Kitui women have, however, devised their own mitigation measures for food security by starting unique income-generating activities, which are not directly controlled by their menfolk. The women have also turned into sand harvesting, sale of water, concrete stones, rearing improved indigenous chicken, sale of wild fruits and dairy goat rearing as an alternative.
“To avoid family conflicts with husbands and cultural adherents, we invest in activities which they control,’’ says Margaret Ndambu, a poultry farmer in Museve village.
In Mutomo sub-county, Agnes Mwende, a farmer in Kiviu village, has turned to wild fruits which has become the lifeline of the residents whenever rains fail, sometimes for three consecutive seasons. Her 10-acre farm off Kitui-Mutomo road is dotted with beautiful indigenous wild fruit trees ranging from Vitex payos locally known as Muu, Tamarindus indica (Nzumula in Kamba or ukwaju in Kiswahili), baobab (mabuyu) and Bercemia disclor (Kisaaya).

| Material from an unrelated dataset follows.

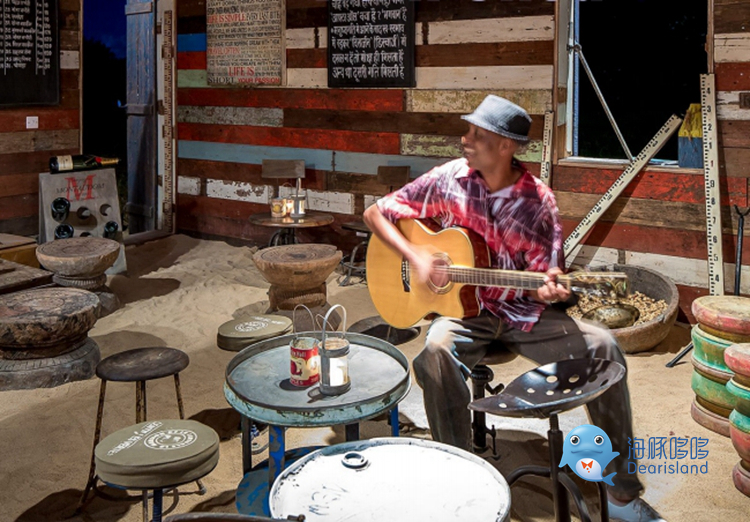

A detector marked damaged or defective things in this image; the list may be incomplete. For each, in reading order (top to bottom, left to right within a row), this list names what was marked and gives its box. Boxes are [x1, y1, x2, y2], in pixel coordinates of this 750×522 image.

rusty metal surface [250, 211, 334, 228]
rusty metal surface [223, 332, 412, 424]
rusty metal surface [268, 436, 512, 516]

Though Mwende’s farm is endowed with wild fruits, she has been unaware of the trees’ enormous benefits. This is before Kenya Forestry Research Institute (Kefri) officers made her farm a demonstration site for value addition on wild trees.
Before, Mwende’s initiative of wild fruits trees preservation could be described as semi-domestication. “I have preserved these trees though they are good source of charcoal, the common economic activity here. But when drought strikes, the trees become the livelihood of my family as the fruits are used as food and one can sell the surplus,’’ she says.
She says through sale of Vitex payos fruits, she has been able to see her last born complete secondary education and is planning to take him to a medical college. A cup of the fruit sells at Sh5 while a debe fetches Sh600. “When combined sales of other fruits, it is easy to afford secondary education costs,” she added.
Mutua Musili, a farmer in Ikanga location, says he turned to growing the wild fruit trees as an alternative source of income after crops failed for five consecutive seasons. “Since late 1990s when drought impacted negatively on our lives, I turned to growing wild fruits and have since been eking out a living from them,’’ says Musili who sells the ripe Vitex payos in Ikanga market.
“I have 10 baobab trees with ripe fruits I but have turned customers away because I do not know how the market prices are but I hope with time, I will make use of the trees,’’ says Regina Mutua, a farmer in Kisaayani location.
She says potential buyers of baobab fruits are from Muslim community from Kitui Town who process them and sell the end produce to Mombasa market outlets.